Updated Wednesday – Metro announced Tuesday afternoon that the entire Metrorail system will be shut down Wednesday to allow for a systemwide safety check of 600 electrical cables that line its tunnels.
In a press conference Tuesday afternoon, Metro GM and CEO Paul Wiedefeld said he ordered the unprecedented closure with the support of Metro’s Board of Directors after an electrical fire early Monday morning in a Metro tunnel just west of the McPherson Square station.
Wiedefeld said that while the investigation is still ongoing into Monday’s incident, preliminary information indicated it resembled last year’s Yellow Line smoke incident that led to the death of a passenger.
“While the risk to the public is very low, I cannot rule out a potential life safety issue here,” Wiedefeld said. “And that is why we must take this action immediately. When I say safety is our highest priority, I mean it. That sometimes means making tough, unpopular decisions and this is one of those times. I fully recognize the hardship this will cause.”
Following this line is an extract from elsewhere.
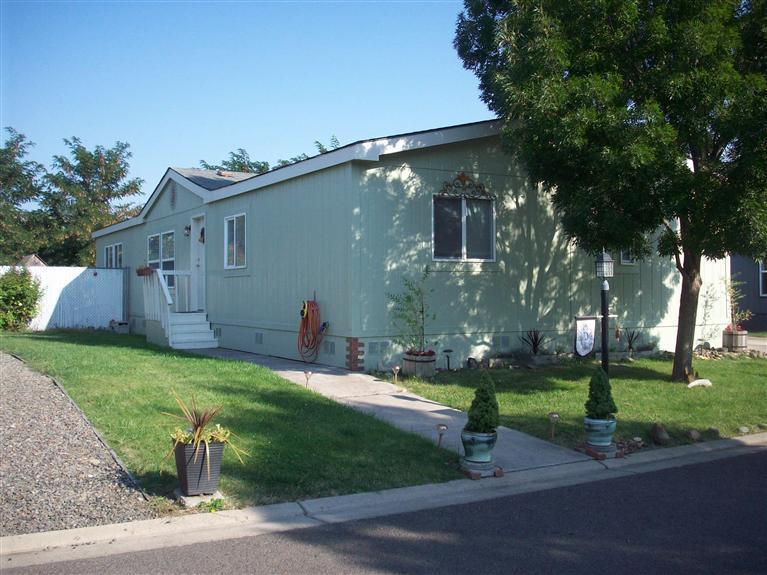 Amazing describes this completely remodeled 4 bedroom, 2 1/2 bath split floor plan home. Brand new kitchen with bamboo hardwood floors, stainless steel appliances including sink and refrigerator, granite countertops. New 1/2 bath added . Other baths redone including ceramic title,basins. All new floor coverings , designer lighting thru out. Interior walls textured and painted. Exterior painted. Too many extras to list. Private back yard with koi pond. Storage unit, Park has nice clubhouse, additional parking for guests. You will fall in love and recognize the top quality and tasteful remodel that has gone into this home.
Inspectors will fan out across the system Wednesday to inspect about 600 “jumper cables.” The jumper cables act essentially as electrical extension cords in sections of the Metro rail system where there are gaps between the electrified third rail.
Wiedefeld said additional service delays could be possible into Thursday if inspectors find issues with jumper cables in specific locations. Metro says it’s the first time the entire system has been closed for a non-weather related reason.
Wiedefeld said he decided against closing the system for the Tuesday evening commute because many had already used the system to commute to their jobs Tuesday morning and would be relying on it to return home.
Metro Board Chairman Jack Evans, who’s also a D.C. Council member, said board members spoke with Wiedefeld throughout the day Tuesday before making the decision.
“We in good conscience, and as the administrators of this system, cannot send trains out in this system into these tunnels knowing full well that something could go wrong,” Evans said at Metro’s Tuesday press conference.
Montgomery County government will open Wednesday, though non-essential employees will be allowed to use unscheduled leave. The county’s Ride On bus system will operate on its regular schedule Wednesday. In a statement, the county-operated bus service said it already “uses just about all of its buses to provide existing service,” indicating it won’t be able to increase service Wednesday.
Parking at Metro garages and lots will be free. Montgomery County announced all HOV restrictions on I-270 would be lifted, but State Highway Administration spokesperson David Buck said that isn’t true and the restrictions remained in place Wednesday.
The Office of Personnel Management announced Tuesday federal agencies in the Washington area would be open Wednesday, but with the option for unscheduled leave or unscheduled telework.
Metrobus will also operate on its regular schedule Wednesday and Metro said it expects buses to be severely crowded.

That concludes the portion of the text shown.